__Task to complete__
From the line holding "3d rendering of" through the line holding "7AM2M Sonic Electric" below, write out every line exactly; include both of those lines and drop the pictures.

__Recorded data__

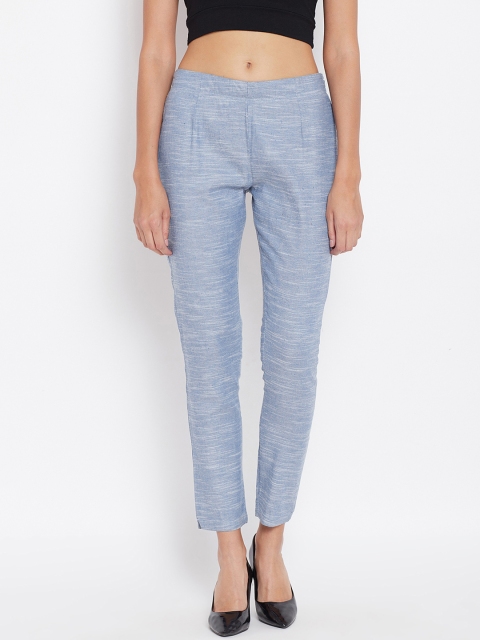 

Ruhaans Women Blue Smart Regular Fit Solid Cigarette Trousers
--
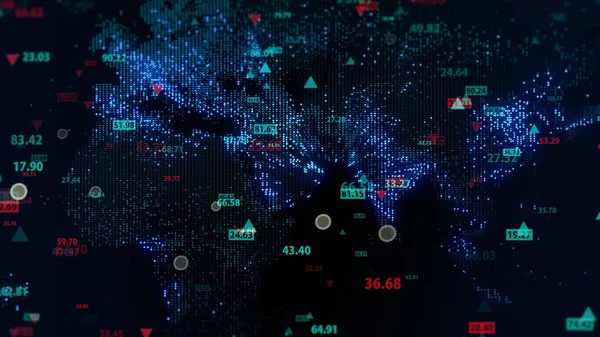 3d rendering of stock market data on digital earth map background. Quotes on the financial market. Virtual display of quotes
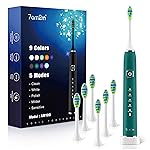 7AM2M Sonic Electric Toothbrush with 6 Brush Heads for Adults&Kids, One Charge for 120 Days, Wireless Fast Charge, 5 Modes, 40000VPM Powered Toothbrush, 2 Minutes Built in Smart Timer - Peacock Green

__Answer for this exercise__
 3d rendering of stock market data on digital earth map background. Quotes on the financial market. Virtual display of quotes
 7AM2M Sonic Electric Toothbrush with 6 Brush Heads for Adults&Kids, One Charge for 120 Days, Wireless Fast Charge, 5 Modes, 40000VPM Powered Toothbrush, 2 Minutes Built in Smart Timer - Peacock Green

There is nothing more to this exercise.